James M. Lawrence llmjjmll at gmail.com
Mon Mar 24 18:55:26 UTC 2014


On Fri, Mar 21, 2014 at 4:04 AM, Mark Evenson <evenson at panix.com> wrote:
> On 3/20/14, 23:59, James M. Lawrence wrote:
>> Hi,
>>
>> The original bug appears to still be there. For example this will hang:
>>
>> (defun test ()
>>   (let ((object (cons nil nil)))
>>     (threads:synchronized-on object
>>       (threads:object-wait object 0.000000001))))
>>
>> 1.4.0-dev-svn-14653
>> Java_HotSpot(TM)_Server_VM-Oracle_Corporation-1.7.0_04-b20
>> i386-Linux-3.2.0-24-generic-pae
>
> Sigh.  Yes, this is still not resolved with THREADS:OBJECT-WAIT in
> abcl-1.4.0-dev, although CL:SLEEP is fixed.
>
> Apparently my thinking on this was incomplete.  For the SLEEP, degrading
> to thread yield make sense for intervals less than a nanosecond.  For
> OBJECT-WAIT is it really the case that you wish to degrade to a thread
> yield without ever having tried to wait for a notification on the
> synchronized object?

In pthreads, no matter what timeout is given to
pthread_cond_timedwait, it will always release and reacquire the
mutex. A certain-to-expire timeout just means we are operating within
the Planck time of the system.

Because pthread_cond_timedwait can return spuriously, the information
it provides is not particularly useful on its own. We must always
check to see if "something happened", for instance whether data
produced by another thread has arrived. It may have arrived even if
pthread_cond_timedwait returned ETIMEDOUT.

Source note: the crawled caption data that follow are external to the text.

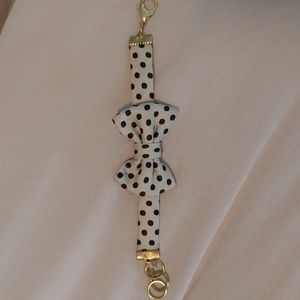 Kiel James Patrick bow bracelet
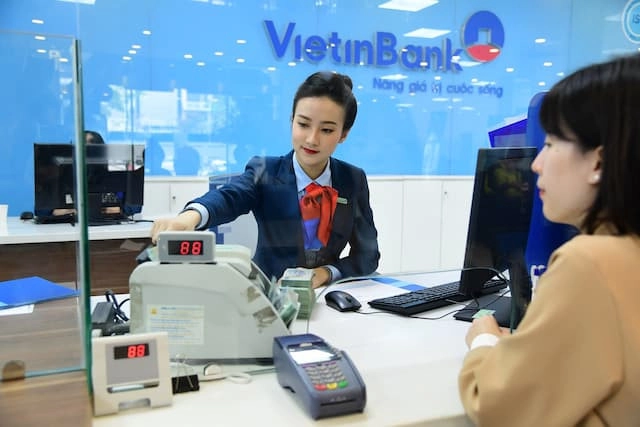 Cách vay tiền online Vietinbank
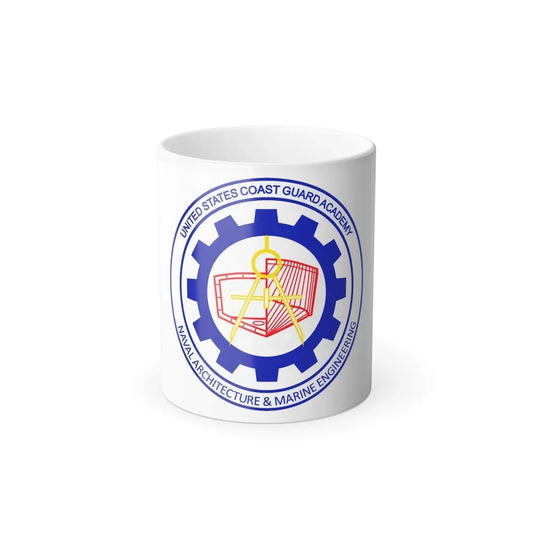 CG Naval Architecture & Marine Eng (U.S. Coast Guard) Color Changing Coffee Mug 11oz - Go Mug Yourself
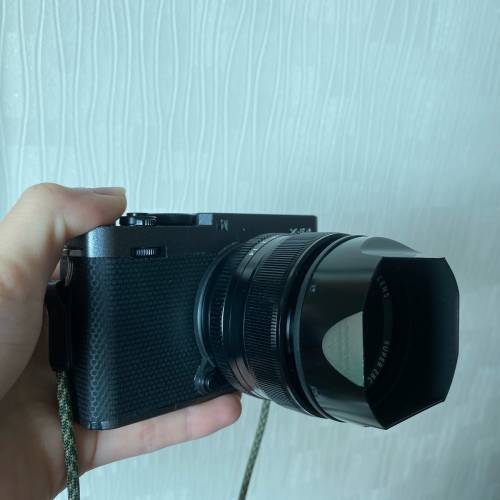 Fujifilm X-E4 連 fujinon XF35mmF1.4 R for Fuji X mount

>From what I understand of java.lang.Object.wait, the model is similar.
The main difference seems to be the weirdo interpretation of 0 =
infinity. It's discontinuous: passing 0.00000001 yields a totally
different animal than passing 0. I should be able to wait one system
Planck time unit (i.e. wait 0, without 0 meaning infinity), but I
can't.

I need to add a workaround to the ABCL implementation of
bordeaux-threads:condition-wait. If the user passes a timeout of zero
then the this should translate to TIMED-WAIT of
LEAST-POSITIVE-SINGLE-FLOAT.

On your end, I think you just need to avoid rounding a non-zero value
to zero. If the reader rounds a literal to zero then there's nothing
you can do, but 0.000000001 is well before that problem. The
separation of the reader phase in Lisp does not mix well with the
extreme discontinuity between 0 and non-zero values with TIMED-WAIT.